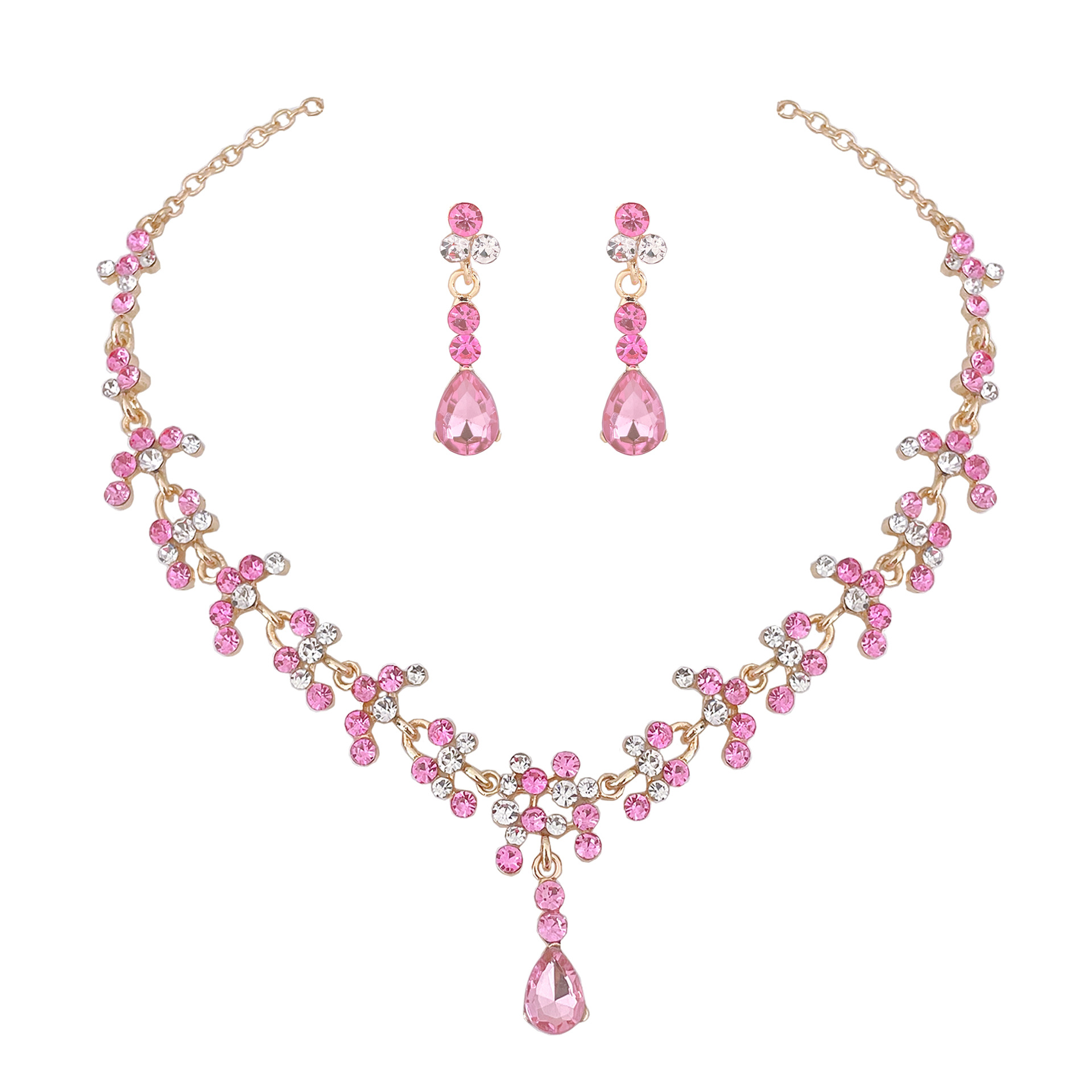 Women Jewelry Accessories For Black Dress - Barok Pembe Mor Kristal Gelin düğün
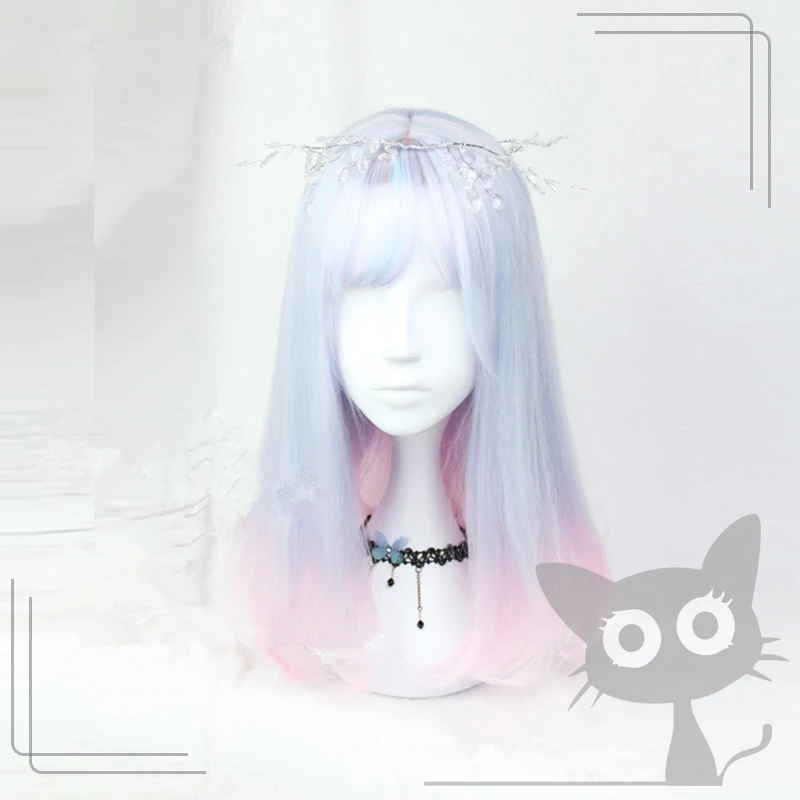 Lolita light blue gradient powder wig DB4838
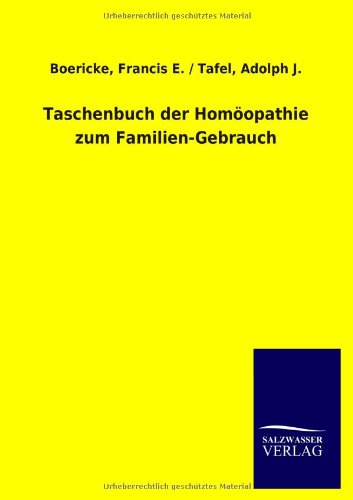 9783846011249: Taschenbuch der Homopathie zum Familien-Gebrauch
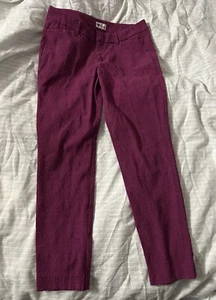 Old Navy Pixie Pants Adult Womens Regular Twill Chino Burgundy Designed Sz 8 - Picture 1 of 6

*-*-*

* _ACTIVITY_: Transcribe exactly, with no pictures, the lines running from the first line of the material through the line holding "9783846011249: Taschenbuch der".

* _WRITTEN ANSWER_:
 Women Jewelry Accessories For Black Dress - Barok Pembe Mor Kristal Gelin düğün
 Lolita light blue gradient powder wig DB4838
 9783846011249: Taschenbuch der Homopathie zum Familien-Gebrauch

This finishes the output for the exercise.